De natuurcentra (Natuur- en Vogelwacht De Alblasserwaard, Natuur- en Vogelwacht de Vijfheerenlanden, Streekcentrum Het Liesvelt en het Van Andel Spruyt centrum) en Den Hâneker doen veel aan natuur- en milieueducatie voor het basis- en voortgezet onderwijs in de streek. Maar voor de gemiddelde grootstedeling (als die al bestaat) is het platteland waarschijnlijk iets onbekends.

Inzetten op kinderen en volwassenen uit de grote steden, om hen kennis te laten maken met het platteland? Wie trekt zich dit aan? De genoemde organisaties?

De beleefbaarheid van fietsen, wandelen en varen

Er is al veel werk gemaakt van het aanleggen van een basisinfrastructuur voor de fietser, wandelaar en kanoër. Er is nog ruimte voor een vervolgslag, voor het aankleden van fiets-, wandel- of vaarwegen.

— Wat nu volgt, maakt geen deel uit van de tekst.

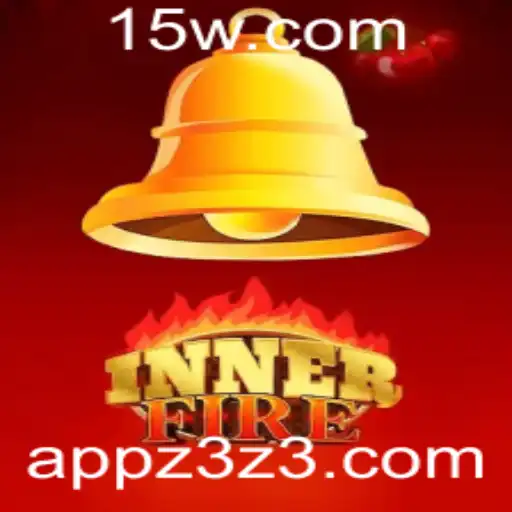 Explorando o Universo de InnerFire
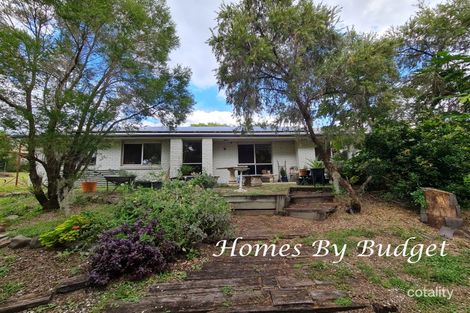 39 Green Valley Rd, Minden, QLD 4311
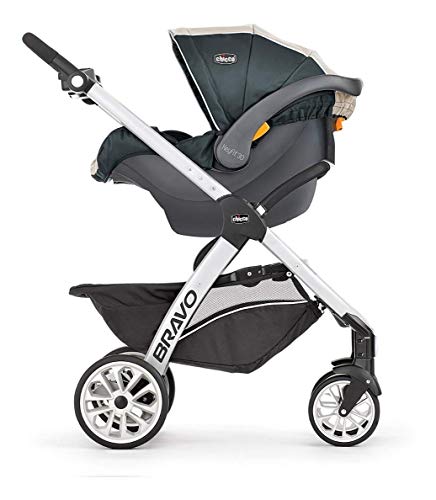 Carriolas Y Portabebés, Baby Product Imagen adicional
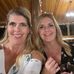 Dawn Naylor - Facebook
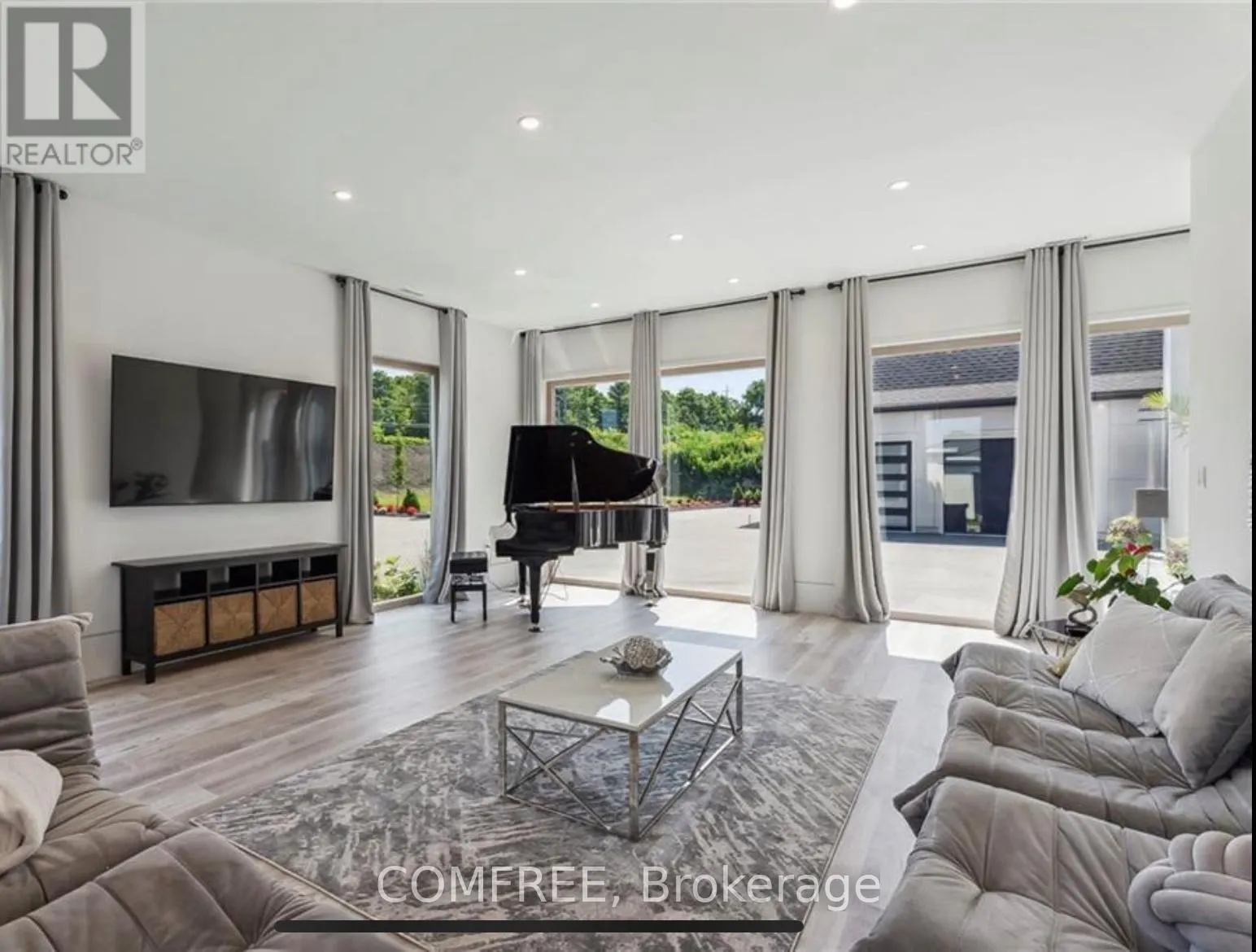 4252 BURNSIDE LINE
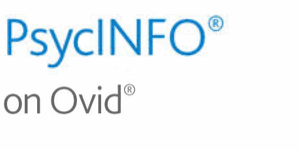 APA PsycInfo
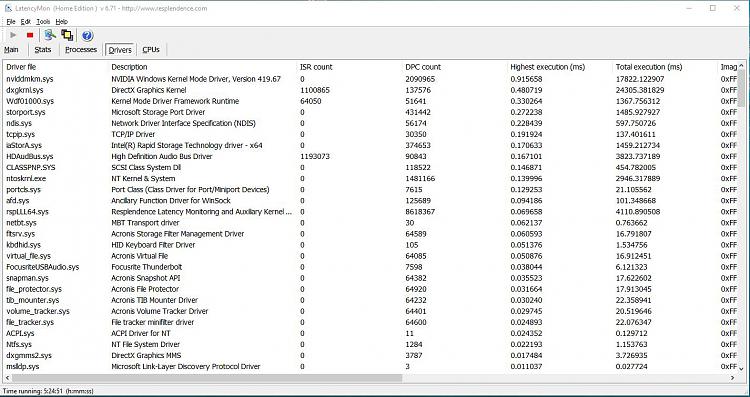 Looking for a (convenient) way to increase CPU real time performance-monitor.jpg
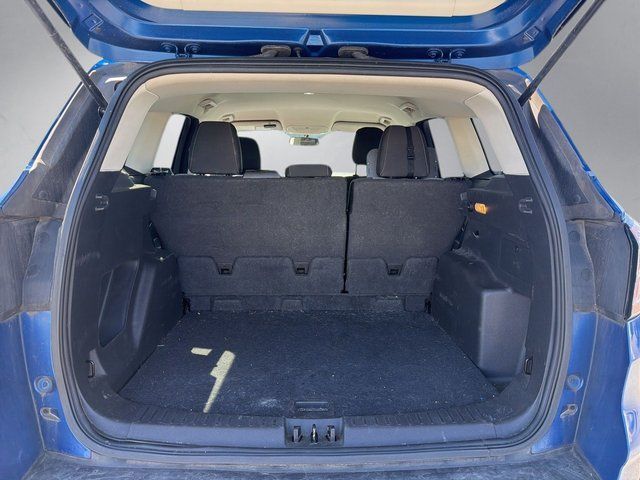 2018 Ford Escape SE Gaithersburg MD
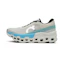 On Cloudmonster 2 Dames Multi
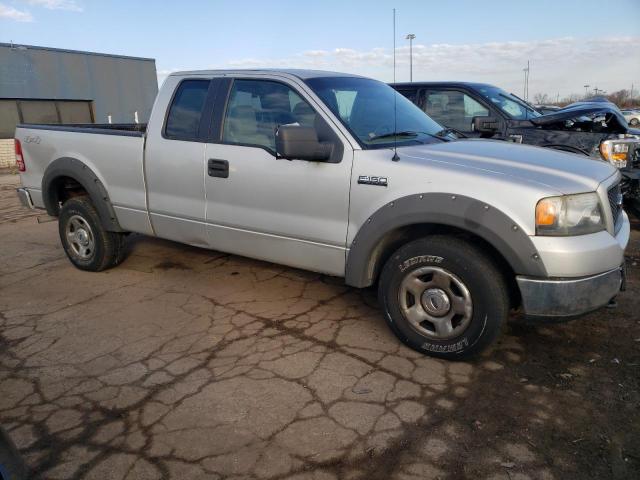 Photo 3 VIN: 1FTPX14595FB48027 - FORD ALL MODELS 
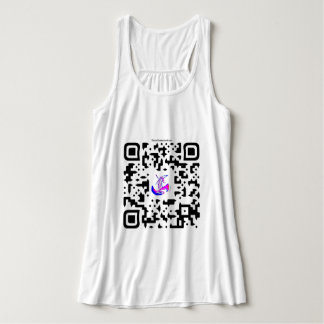 Regata #thesurfingmermaid #SWAG@MAGHIE.ORG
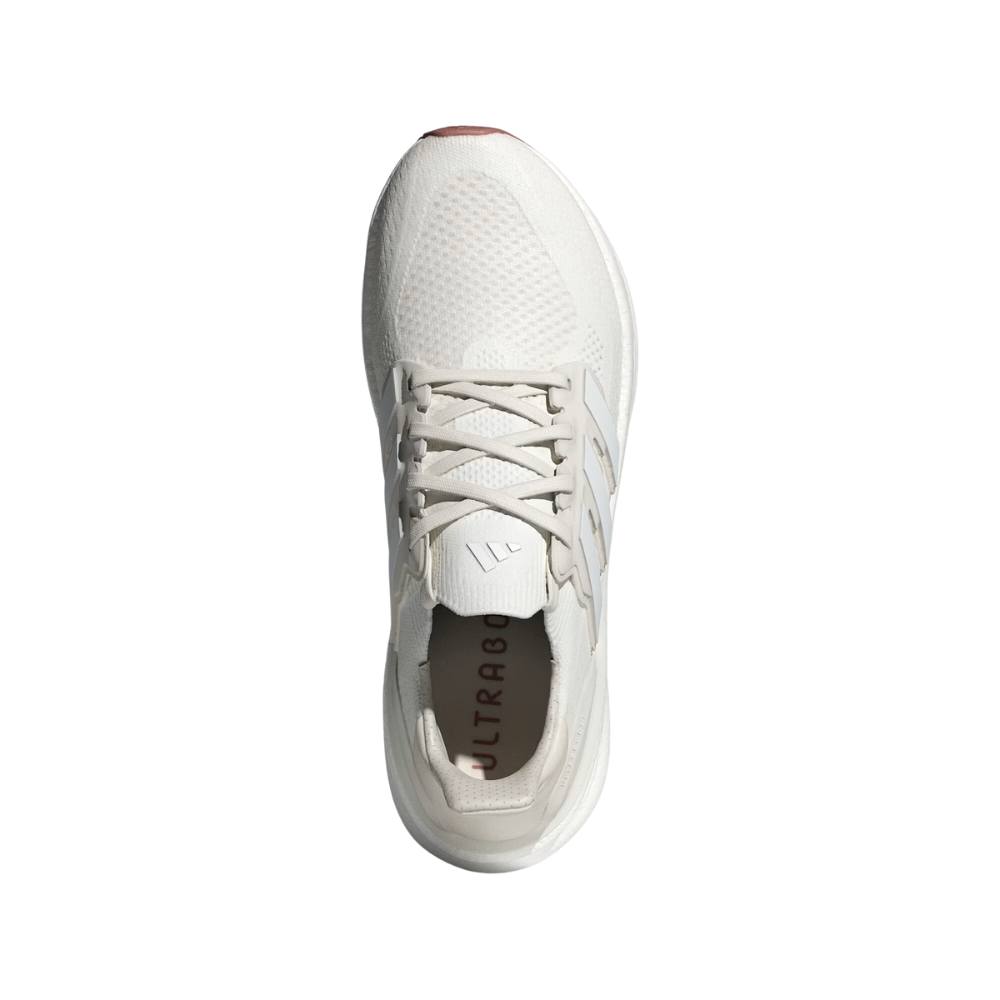 adidas gazelle silver green womens Men's Adidas Ultraboost 5 :Non Dyed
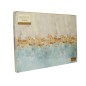 Creative Tops Golden Reflections Pack Of 4 Large Premium Placemats Creative Tops Golden Reflections Pack Of 4 Large Premium Placemats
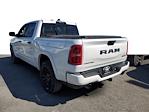 2025 Ram 1500 Crew Cab 4x4 Pickup for sale #N617526 - photo 4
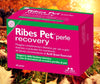 Ribes Pet Recovery 60 perle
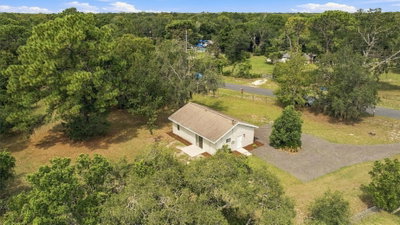 15210 LANCER Road, Spring Hill, FL, 34610 — photo 2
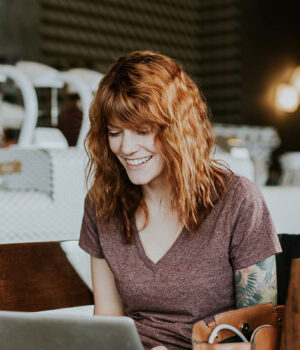 After Effects Guru: Tracking and Stabilizing Footage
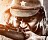 Call of Duty: WaW - Map Pack 1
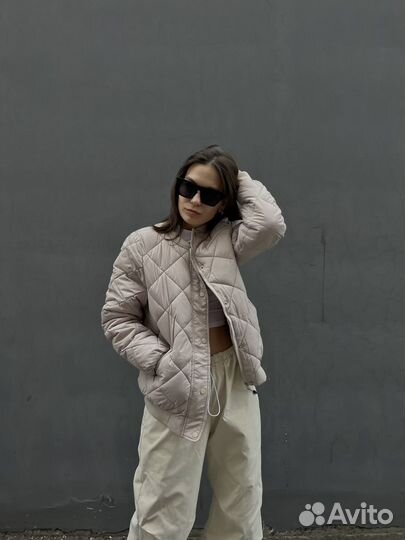 Определение типажа по Ларсон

Op dit moment wordt er gewerkt aan de voorbereiding van het kadeherstel van het Achterwaterschap tussen Kinderdijk en Groot-Ammers. Onderdeel van dit project kan zijn een verbetering van de beleefbaarheid van het gebied door bijvoorbeeld meer variatie te brengen in de oevervegetatie, het toegankelijk maken van kades en eendekooien, het kijken naar weidevogels, het vertellen van het verhaal van de beroepsvisserij of het organiseren van vaarexcursies.

Zijn er combinaties te maken met het blauwzaam lint?

Willen we borden plaatsen die landschapselementen (denk aan donken) verklaren? Een ander geluid is om geen verspreide borden over allerlei onderwerpen in het landschap te plaatsen, maar om te investeren in een toeristisch informatiesysteem dat gekoppeld is via GPS tags, QR codes of zoiets aan b.v. cultuurhistorische en landschapselementen. Deze info kan dan weer benut worden bij de wandel- en fietsroutes. Op centrale infopunten en op de diverse websites kunnen bezoekers dan gewezen worden op deze mogelijkheden.

Zo gaat de Stichting het Groene Hart bij Sluis een informatiezuil met audio plaatsen. Door geen ‘standaard’ informatiebord met tekst te plaatsen komt een meer interactieve manier van informatieverstrekking tot stand. Tevens is de informatie veel makkelijker te vervangen dat bij een tekstbord. Misschien kan dit ook op andere plekken in de A-V gebruikt worden, als afwisseling op de ‘standaard’ informatieborden

Basis Informatievoorziening

In hotels is het heel gebruikelijk dat daar rekken of bakken staan met kaartjes op creditcardformaat die verwijzen naar toeristische attracties in de buurt. Of rekken met grotere folders die hetzelfde doen. Is dat soort informatie te vinden op bijvoorbeeld Kinderdijk?

Wie trekt zich dit aan? Den Hâneker?

In het meerjaren progamma Waterdriehoek is het realiseren van een informatiepunt bij de halte van de Waterbus opgenomen. Een soortgelijk punt kan ook bij de andere “poorten” / plaatsen waar veel bezoekers het gebied binnenkomen worden geplaatst. Hoe dit vorm kan worden gegeven moet nog worden bekeken omdat ook het gebruik van nieuwe media (smartphones) er bij betrokken wordt.